Samir Geagea heads the Lebanese Forces and opposes fellow Christian, Michel Aoun, Lebanon's president, and his alliance with Hezbollah. Geagea's party won 19 parliamentary seats in a recent election that saw Hezbollah lose its majority in Lebanon's parliament.
Geagea recently urged opposition groups, independents, and small parties to work together "to activate this opposition after it has become the majority in parliament," in remarks noted by Lebanon's National News Agency.
Geagea campaigned on sovereignty issues and seeing Hezbollah disarmed. Speaking to the French news agency, AFP, Geagea said, "All strategic decision making should return to the Lebanese state, and security and military matters should be handled exclusively by the Lebanese army. No one, he said, should be able to transport missiles from one place to another without the permission and knowledge of the military" - a reference to Hezbollah.
Habib Malik of the Lebanese American University told VOA that he sees the anti-Hezbollah forces in the new parliament potentially taking on the controversial issue of Hezbollah's insistence of keeping its weapons.

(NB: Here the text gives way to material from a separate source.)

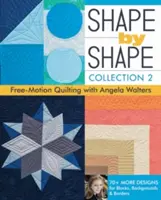 Shape by Shape, Collection 2: Free-Motion Quilting with Angela Walters - 70+ modele suplimentare pentru blocuri, fundaluri și margini - Shape by Shape, Collection 2: Free-Motion Quilting with Angela Walters - 70+ More Designs for Blocks, Backgrounds & Borders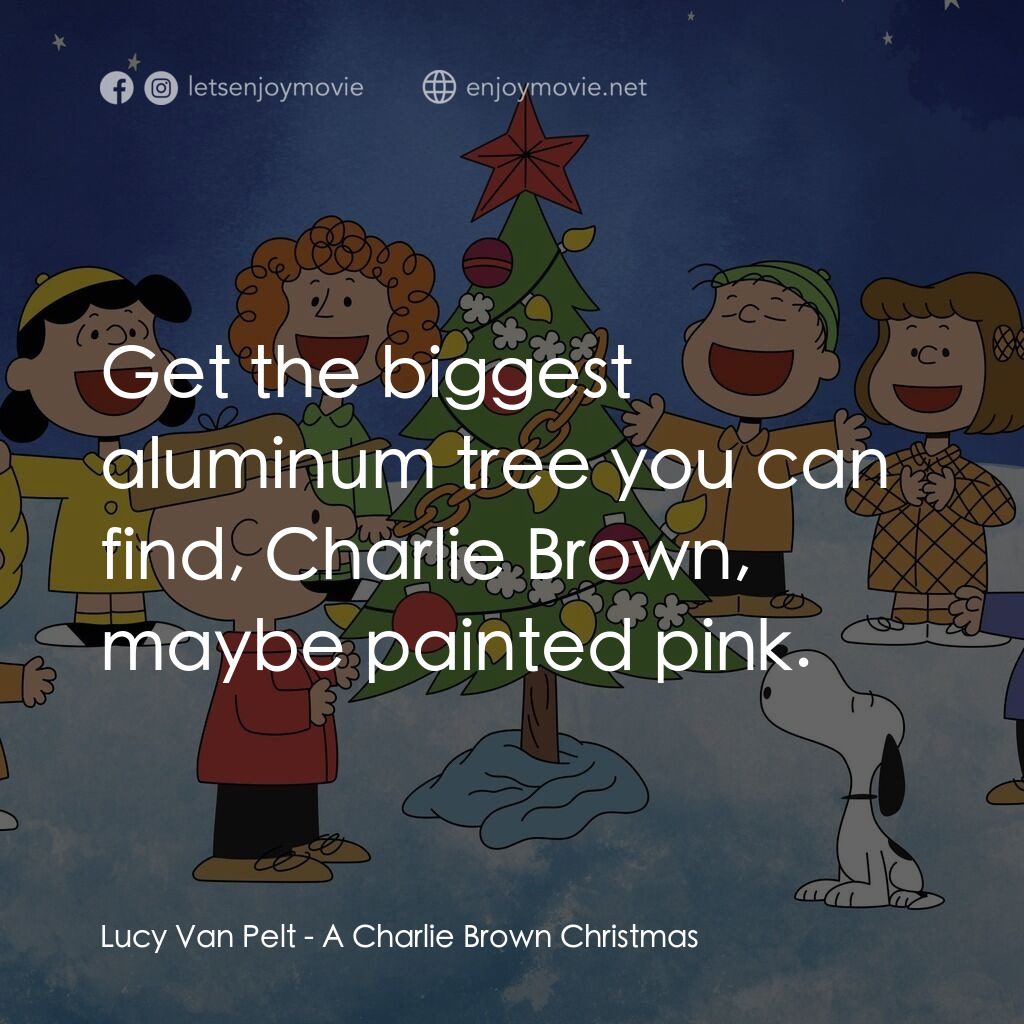 查理布朗的愉快聖誕電影對白：Lucy Van Pelt:  Get the biggest aluminum tree you can find, Charlie Brown, maybe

"The unlawful arms of Hezbollah,' he said. 'This new parliament should never be used as a means to legitimize Hezbollah's arms. That was one of their aims. And it's not going to happen right now because there (are) enough votes to block that.
Similarly, anti-Hezbollah MPs should get together to press for Lebanon's neutrality. This weapon that Hezbollah wields all the time by accusing people right and left of being a Zionist agent whenever they did disagree with them-this accusation of treason needs to be pointed out as well."

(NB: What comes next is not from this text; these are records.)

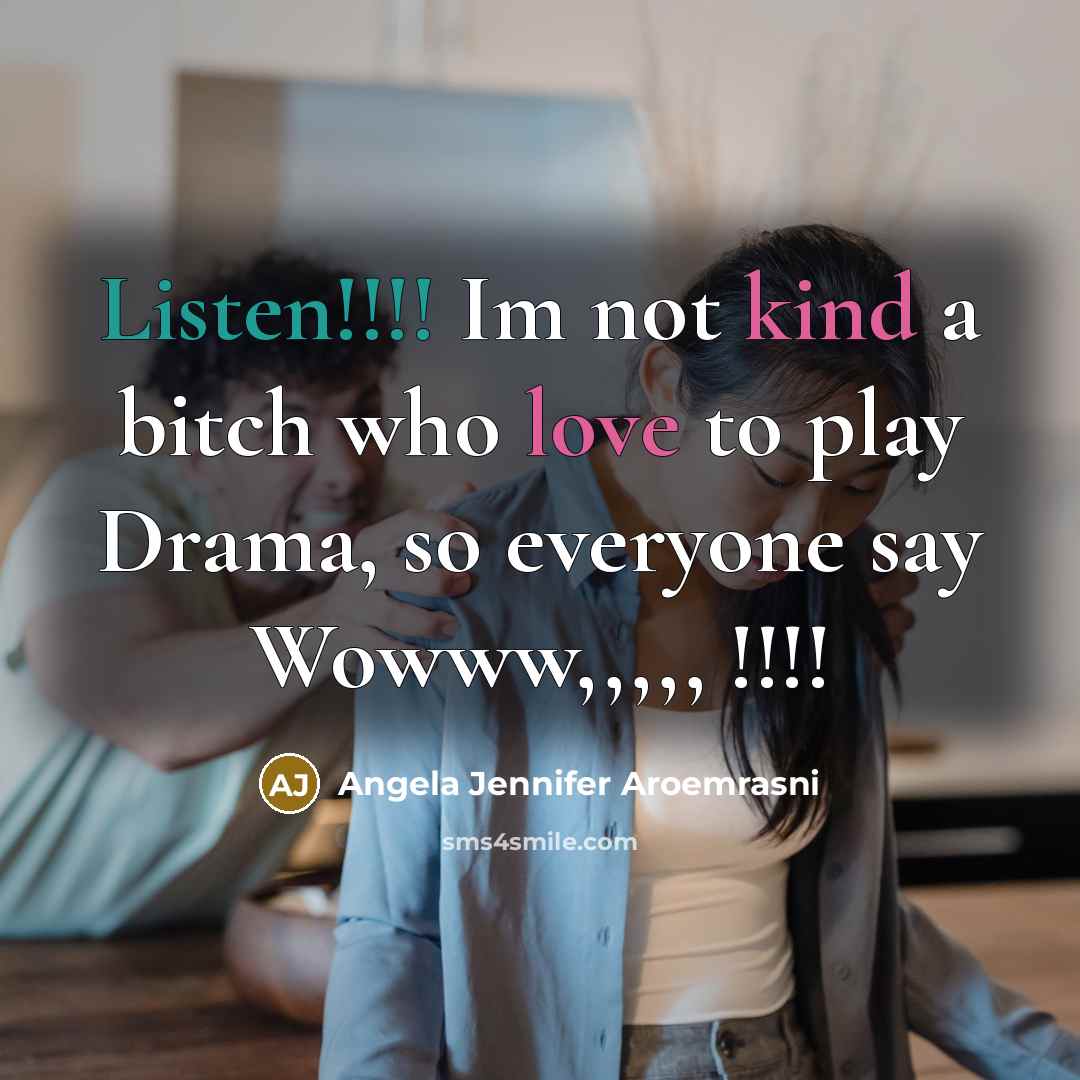 “Listen!!!! Im not kind a bitch who love to play…” quote by Angela Jennifer Aroemrasni
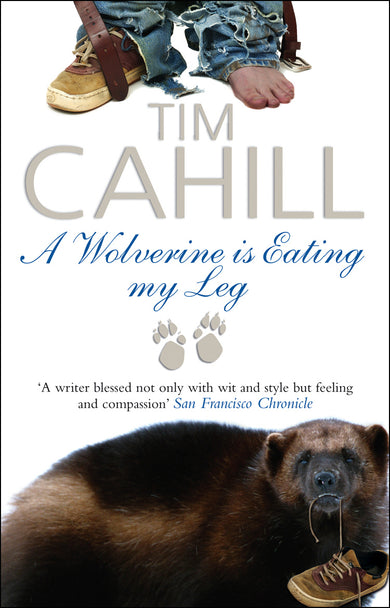 A Wolverine Is Eating My Leg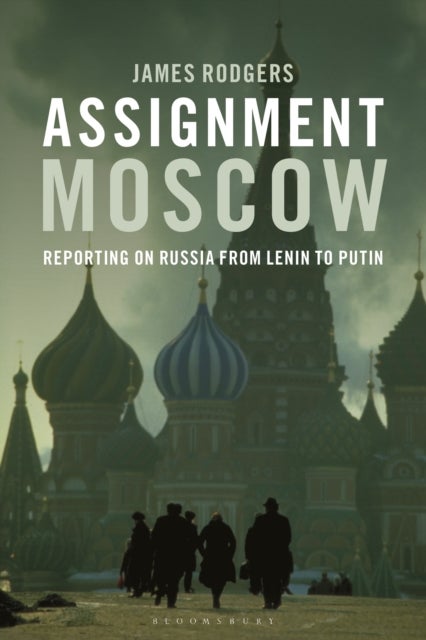 Assignment Moscow - Reporting on Russia from Lenin to Putin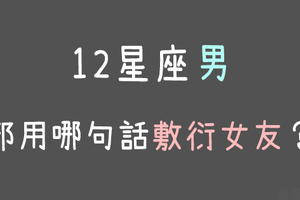 原來他只是哄哄你！//12星座男最常用來「敷衍女友」的一句話！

Recently, Hezbollah leader Hasan Nasrallah tried to argue that with the many challenges engulfing Lebanon, including a finance meltdown and difficulties with food, medicine, and fuel supplies, he urged for "postponing" discussion of Hezbollah's weapons for a further two years.

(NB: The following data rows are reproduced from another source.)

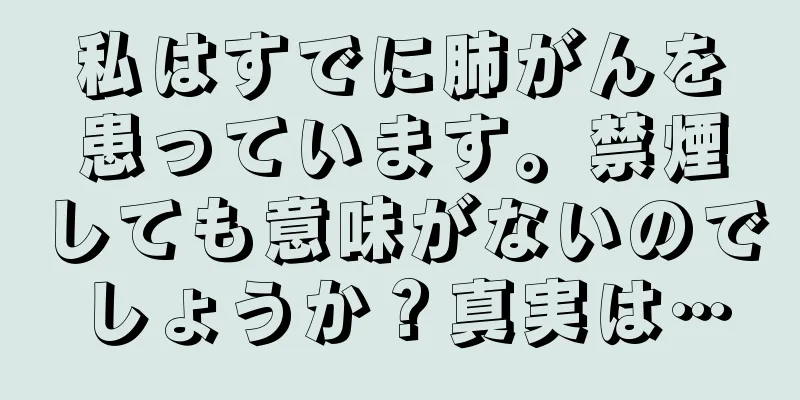 私はすでに肺がんを患っています。禁煙しても意味がないのでしょうか？真実は…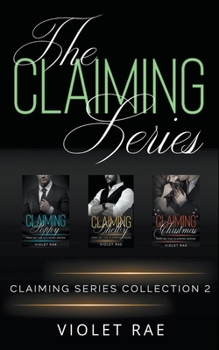Paperback The Claiming Series Collection Two Book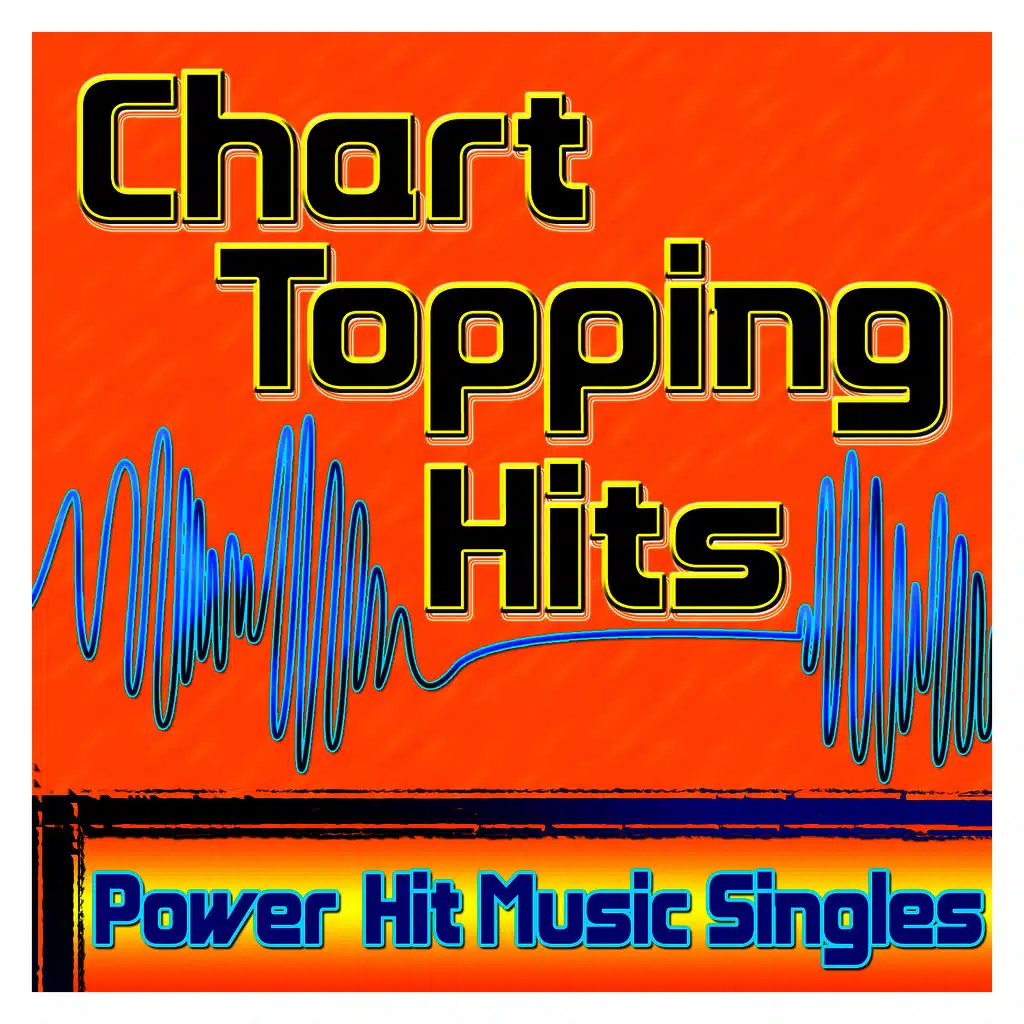 Chart Topping Hits - Power Hit Music Singles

Baria Alamuddin, writing in the Saudi Arab News newspaper, called it "an interesting change of tone from Hezbollah's usual threats to engulf the region in flames before relinquishing its arms."
Still, Dania Koleilat Khatib with the Issam Fares Institute at the American University of Beirut, told VOA that perhaps not all the new MPs, including those of the opposition protest groups, will want to deal with disarming Hezbollah.
"Some people of the protest groups would say: 'Let us leave the issue of Hezbollah for now and let us focus more on corruption,''Khatib said. 'So, let us leave the issue of the arms of Hezbollah's which is bigger than us and it will [lead] us to fight with each other and let us focus on how we can have electricity, jobs. Let's hope they will come to something realistic and act like one bloc."
Blacklisted as a terrorist group by the United States and other Western countries, Hezbollah supporters say it defends Lebanon against Israel. But opponents argue that Hezbollah undermines the state on security matters and exposes Lebanon to costly disputes, with the Iran-backed militia deploying fighters and weapons across the Middle East.